What the task asks: Give again, word for word, every line below from the one that has "Lambeau inguinal cutané — figure 3" through the one that has "Endometrial Ablation", both included, and no others.

Stored items from a collection
--- START ---

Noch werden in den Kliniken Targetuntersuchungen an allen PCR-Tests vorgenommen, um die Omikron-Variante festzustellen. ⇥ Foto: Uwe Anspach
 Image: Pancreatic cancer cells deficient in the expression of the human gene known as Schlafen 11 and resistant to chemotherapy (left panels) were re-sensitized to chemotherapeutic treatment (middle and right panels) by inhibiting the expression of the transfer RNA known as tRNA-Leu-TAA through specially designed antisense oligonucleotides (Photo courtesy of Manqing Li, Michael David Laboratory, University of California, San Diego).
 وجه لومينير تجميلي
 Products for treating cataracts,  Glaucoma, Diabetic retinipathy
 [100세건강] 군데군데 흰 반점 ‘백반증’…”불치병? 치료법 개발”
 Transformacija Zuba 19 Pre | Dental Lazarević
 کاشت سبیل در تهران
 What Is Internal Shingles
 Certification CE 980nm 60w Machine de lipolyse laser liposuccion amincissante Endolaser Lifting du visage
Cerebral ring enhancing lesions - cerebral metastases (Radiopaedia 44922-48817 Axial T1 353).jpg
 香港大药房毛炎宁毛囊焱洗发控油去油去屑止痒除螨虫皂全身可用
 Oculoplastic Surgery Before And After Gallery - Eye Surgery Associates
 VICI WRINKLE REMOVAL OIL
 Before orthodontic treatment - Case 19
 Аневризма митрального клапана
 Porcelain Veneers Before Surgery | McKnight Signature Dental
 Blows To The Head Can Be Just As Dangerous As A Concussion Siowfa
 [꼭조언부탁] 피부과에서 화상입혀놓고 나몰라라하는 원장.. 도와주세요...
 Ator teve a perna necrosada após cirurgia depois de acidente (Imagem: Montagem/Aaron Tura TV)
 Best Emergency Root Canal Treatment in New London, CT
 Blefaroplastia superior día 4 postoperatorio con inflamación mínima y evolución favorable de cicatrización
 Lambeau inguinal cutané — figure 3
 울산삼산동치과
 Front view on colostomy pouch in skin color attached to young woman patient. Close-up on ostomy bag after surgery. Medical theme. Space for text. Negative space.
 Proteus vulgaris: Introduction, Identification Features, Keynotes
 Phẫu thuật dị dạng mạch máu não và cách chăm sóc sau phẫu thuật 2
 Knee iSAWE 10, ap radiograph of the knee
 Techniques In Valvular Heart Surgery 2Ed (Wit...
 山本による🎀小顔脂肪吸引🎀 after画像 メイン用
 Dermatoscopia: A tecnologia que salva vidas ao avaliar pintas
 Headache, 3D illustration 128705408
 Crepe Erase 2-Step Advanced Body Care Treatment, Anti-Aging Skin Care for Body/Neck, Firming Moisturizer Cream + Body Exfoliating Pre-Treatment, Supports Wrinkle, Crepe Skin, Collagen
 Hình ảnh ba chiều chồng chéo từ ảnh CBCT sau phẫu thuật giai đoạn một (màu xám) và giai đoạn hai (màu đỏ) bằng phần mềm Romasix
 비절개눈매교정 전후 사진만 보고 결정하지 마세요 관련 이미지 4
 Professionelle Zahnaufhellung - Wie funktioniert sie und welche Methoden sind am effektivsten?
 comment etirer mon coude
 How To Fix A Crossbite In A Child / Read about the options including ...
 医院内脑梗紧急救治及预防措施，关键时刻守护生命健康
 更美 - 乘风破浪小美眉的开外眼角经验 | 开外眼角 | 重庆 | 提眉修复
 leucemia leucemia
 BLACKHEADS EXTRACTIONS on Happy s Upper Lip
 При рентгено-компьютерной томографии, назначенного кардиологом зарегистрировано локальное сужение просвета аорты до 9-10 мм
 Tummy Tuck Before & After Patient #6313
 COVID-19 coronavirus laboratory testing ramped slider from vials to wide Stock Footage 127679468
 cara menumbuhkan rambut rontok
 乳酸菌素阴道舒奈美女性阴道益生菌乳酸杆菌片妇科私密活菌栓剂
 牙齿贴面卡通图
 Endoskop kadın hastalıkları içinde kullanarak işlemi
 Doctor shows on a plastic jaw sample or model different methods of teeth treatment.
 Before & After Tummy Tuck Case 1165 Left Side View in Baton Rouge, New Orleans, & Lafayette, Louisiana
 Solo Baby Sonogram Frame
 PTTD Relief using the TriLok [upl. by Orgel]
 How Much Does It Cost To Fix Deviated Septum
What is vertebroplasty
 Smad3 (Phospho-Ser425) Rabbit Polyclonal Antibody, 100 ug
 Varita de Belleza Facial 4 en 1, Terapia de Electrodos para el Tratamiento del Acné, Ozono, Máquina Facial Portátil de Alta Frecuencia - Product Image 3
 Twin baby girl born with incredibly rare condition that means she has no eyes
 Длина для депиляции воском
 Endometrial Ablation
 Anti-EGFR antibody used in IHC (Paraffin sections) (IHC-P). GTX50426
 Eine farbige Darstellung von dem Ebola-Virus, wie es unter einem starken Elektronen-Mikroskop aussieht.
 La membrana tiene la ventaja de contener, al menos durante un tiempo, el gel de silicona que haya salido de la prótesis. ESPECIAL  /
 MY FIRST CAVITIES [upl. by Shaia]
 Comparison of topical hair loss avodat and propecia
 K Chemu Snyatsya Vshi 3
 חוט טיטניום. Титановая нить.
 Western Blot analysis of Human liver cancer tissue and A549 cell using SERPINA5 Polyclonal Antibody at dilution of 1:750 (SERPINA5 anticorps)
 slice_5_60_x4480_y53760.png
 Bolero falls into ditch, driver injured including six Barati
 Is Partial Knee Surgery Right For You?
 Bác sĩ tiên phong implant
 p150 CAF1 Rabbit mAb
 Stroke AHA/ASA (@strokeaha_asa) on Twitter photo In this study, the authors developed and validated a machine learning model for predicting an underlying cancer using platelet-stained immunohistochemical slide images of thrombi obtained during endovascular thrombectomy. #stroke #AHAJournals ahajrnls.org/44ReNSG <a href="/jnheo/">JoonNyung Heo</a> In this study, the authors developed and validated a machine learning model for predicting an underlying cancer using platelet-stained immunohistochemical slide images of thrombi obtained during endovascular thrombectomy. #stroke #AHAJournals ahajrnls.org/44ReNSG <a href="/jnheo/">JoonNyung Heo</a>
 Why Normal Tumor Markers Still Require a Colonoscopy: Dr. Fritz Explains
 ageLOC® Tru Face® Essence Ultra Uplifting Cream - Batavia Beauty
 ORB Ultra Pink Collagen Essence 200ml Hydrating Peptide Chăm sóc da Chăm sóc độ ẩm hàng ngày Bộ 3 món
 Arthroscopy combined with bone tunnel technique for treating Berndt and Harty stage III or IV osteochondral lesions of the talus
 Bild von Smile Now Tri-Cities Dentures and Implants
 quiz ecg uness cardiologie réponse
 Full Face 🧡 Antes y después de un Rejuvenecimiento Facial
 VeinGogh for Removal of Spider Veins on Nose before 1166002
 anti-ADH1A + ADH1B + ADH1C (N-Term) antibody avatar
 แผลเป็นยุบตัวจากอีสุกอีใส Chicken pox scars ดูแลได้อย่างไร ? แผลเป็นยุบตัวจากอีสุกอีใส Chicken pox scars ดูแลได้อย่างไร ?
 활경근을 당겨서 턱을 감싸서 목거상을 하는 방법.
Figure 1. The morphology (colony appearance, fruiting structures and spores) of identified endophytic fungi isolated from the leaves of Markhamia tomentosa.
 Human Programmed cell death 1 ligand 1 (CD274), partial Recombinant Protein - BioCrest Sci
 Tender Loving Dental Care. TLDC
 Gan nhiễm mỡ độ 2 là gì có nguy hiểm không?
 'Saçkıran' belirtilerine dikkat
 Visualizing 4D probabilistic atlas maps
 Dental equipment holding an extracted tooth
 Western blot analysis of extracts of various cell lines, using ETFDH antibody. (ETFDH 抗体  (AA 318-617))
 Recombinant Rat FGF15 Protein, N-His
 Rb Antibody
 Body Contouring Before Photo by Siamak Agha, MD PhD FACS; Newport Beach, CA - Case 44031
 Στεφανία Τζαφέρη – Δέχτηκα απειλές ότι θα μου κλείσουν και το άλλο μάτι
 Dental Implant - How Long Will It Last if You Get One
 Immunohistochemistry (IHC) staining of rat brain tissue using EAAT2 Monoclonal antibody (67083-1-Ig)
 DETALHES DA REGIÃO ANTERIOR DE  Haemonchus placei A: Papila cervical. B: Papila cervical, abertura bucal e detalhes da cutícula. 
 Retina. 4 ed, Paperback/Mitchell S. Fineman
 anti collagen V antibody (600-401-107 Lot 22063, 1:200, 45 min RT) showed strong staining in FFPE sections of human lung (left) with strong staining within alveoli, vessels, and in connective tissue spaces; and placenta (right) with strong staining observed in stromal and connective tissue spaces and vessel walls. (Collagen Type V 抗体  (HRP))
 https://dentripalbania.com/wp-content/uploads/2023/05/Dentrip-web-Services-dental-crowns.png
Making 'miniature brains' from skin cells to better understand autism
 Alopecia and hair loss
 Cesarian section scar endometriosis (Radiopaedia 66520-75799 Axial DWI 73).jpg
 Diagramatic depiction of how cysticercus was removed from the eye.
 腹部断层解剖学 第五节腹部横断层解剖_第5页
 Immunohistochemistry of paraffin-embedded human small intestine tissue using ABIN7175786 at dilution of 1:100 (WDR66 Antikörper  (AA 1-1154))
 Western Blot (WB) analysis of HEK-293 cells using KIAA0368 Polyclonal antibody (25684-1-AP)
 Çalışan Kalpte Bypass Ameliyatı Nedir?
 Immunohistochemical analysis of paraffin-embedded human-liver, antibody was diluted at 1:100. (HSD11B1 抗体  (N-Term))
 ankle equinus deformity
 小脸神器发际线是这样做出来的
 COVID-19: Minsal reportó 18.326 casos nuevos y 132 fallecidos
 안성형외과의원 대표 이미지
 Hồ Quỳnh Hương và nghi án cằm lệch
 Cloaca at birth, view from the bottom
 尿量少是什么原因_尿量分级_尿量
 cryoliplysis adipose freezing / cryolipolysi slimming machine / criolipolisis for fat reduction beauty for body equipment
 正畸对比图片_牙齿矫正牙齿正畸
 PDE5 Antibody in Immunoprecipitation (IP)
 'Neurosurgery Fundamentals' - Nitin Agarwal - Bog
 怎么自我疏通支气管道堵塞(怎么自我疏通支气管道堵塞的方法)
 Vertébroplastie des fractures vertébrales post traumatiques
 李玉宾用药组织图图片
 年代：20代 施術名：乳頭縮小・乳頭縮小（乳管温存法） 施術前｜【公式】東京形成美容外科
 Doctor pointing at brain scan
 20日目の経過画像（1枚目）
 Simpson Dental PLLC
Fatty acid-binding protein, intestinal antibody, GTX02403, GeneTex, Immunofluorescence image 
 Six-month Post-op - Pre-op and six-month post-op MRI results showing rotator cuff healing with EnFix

--- END ---

Exercise solution:
 Lambeau inguinal cutané — figure 3
 울산삼산동치과
 Front view on colostomy pouch in skin color attached to young woman patient. Close-up on ostomy bag after surgery. Medical theme. Space for text. Negative space.
 Proteus vulgaris: Introduction, Identification Features, Keynotes
 Phẫu thuật dị dạng mạch máu não và cách chăm sóc sau phẫu thuật 2
 Knee iSAWE 10, ap radiograph of the knee
 Techniques In Valvular Heart Surgery 2Ed (Wit...
 山本による🎀小顔脂肪吸引🎀 after画像 メイン用
 Dermatoscopia: A tecnologia que salva vidas ao avaliar pintas
 Headache, 3D illustration 128705408
 Crepe Erase 2-Step Advanced Body Care Treatment, Anti-Aging Skin Care for Body/Neck, Firming Moisturizer Cream + Body Exfoliating Pre-Treatment, Supports Wrinkle, Crepe Skin, Collagen
 Hình ảnh ba chiều chồng chéo từ ảnh CBCT sau phẫu thuật giai đoạn một (màu xám) và giai đoạn hai (màu đỏ) bằng phần mềm Romasix
 비절개눈매교정 전후 사진만 보고 결정하지 마세요 관련 이미지 4
 Professionelle Zahnaufhellung - Wie funktioniert sie und welche Methoden sind am effektivsten?
 comment etirer mon coude
 How To Fix A Crossbite In A Child / Read about the options including ...
 医院内脑梗紧急救治及预防措施，关键时刻守护生命健康
 更美 - 乘风破浪小美眉的开外眼角经验 | 开外眼角 | 重庆 | 提眉修复
 leucemia leucemia
 BLACKHEADS EXTRACTIONS on Happy s Upper Lip
 При рентгено-компьютерной томографии, назначенного кардиологом зарегистрировано локальное сужение просвета аорты до 9-10 мм
 Tummy Tuck Before & After Patient #6313
 COVID-19 coronavirus laboratory testing ramped slider from vials to wide Stock Footage 127679468
 cara menumbuhkan rambut rontok
 乳酸菌素阴道舒奈美女性阴道益生菌乳酸杆菌片妇科私密活菌栓剂
 牙齿贴面卡通图
 Endoskop kadın hastalıkları içinde kullanarak işlemi
 Doctor shows on a plastic jaw sample or model different methods of teeth treatment.
 Before & After Tummy Tuck Case 1165 Left Side View in Baton Rouge, New Orleans, & Lafayette, Louisiana
 Solo Baby Sonogram Frame
 PTTD Relief using the TriLok [upl. by Orgel]
 How Much Does It Cost To Fix Deviated Septum
What is vertebroplasty
 Smad3 (Phospho-Ser425) Rabbit Polyclonal Antibody, 100 ug
 Varita de Belleza Facial 4 en 1, Terapia de Electrodos para el Tratamiento del Acné, Ozono, Máquina Facial Portátil de Alta Frecuencia - Product Image 3
 Twin baby girl born with incredibly rare condition that means she has no eyes
 Длина для депиляции воском
 Endometrial Ablation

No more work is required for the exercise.